Fille et petite-fille d’ouvriers bonnetiers, elle grandit à Troyes, dans les souvenirs d’une ville autrefois prospère, dans la déliquescence des usines textiles, du tissu social où l’intimité même de la famille est ébranlé.
Inconditionnelle de Bonnard et de Rothko, elle éprouve l’incommensurable. C’est la découverte de Pierrette Bloch et celles des écrits de Le Bot, de Bachelard, de Maldiney et leur chère phénoménologie qui bouleversent sa conception de l’art. Elle s’autorise à laisser les choses advenir, sans crainte. Elle sait de ce savoir “autre” qu’elle doit les faire, que les œuvres doivent venir, sous différentes formes, sous différentes techniques.

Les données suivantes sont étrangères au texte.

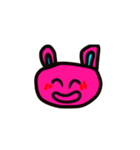 may rabbit（個別スタンプ：7）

Son mode d’expression est fait de rétivité, de résistance. Pour cela, elle affectionne les épingles, héritage familial, des milliers d’épingles qu’elle pique les unes à côté des autres dans du tissu, en rangs plus ou moins serrés, bien droits ou ondulants. Elles forcent le tissu, le tordent jusqu’à le maintenir dans son mouvement, suspendu. Parfois, en prémices, des broderies faites main jalonnent le tissu ; des chemins pour guider le piqué des épingles. Transfiguré, le simple petit matériel fait œuvre.
Naissent ainsi des cartographies abstraites dont les titres sont souvent empruntés aux écrits de Bachelard, Arthur H, Borges ou encore Damasio, chez qui elle trouve la justesse des mots. Par résonance toujours, le titre s’impose. L’œuvre nommée devient dès lors tangible. Elle aime cette idée. Parfois le titre fait écho à une actualité car l’œuvre n'y a pas échappé.
Devant l’œuvre de Sandrine Thiébaud Mathieu, le spectateur éprouve la magie de l’alchimie, sous ses yeux, opérante. Le temps du regard, d’un léger déplacement, d’un clignement du soleil, le scintillement métallique des épingles offre à l’œuvre une multiplicité d’être, sans cesse renouvelée.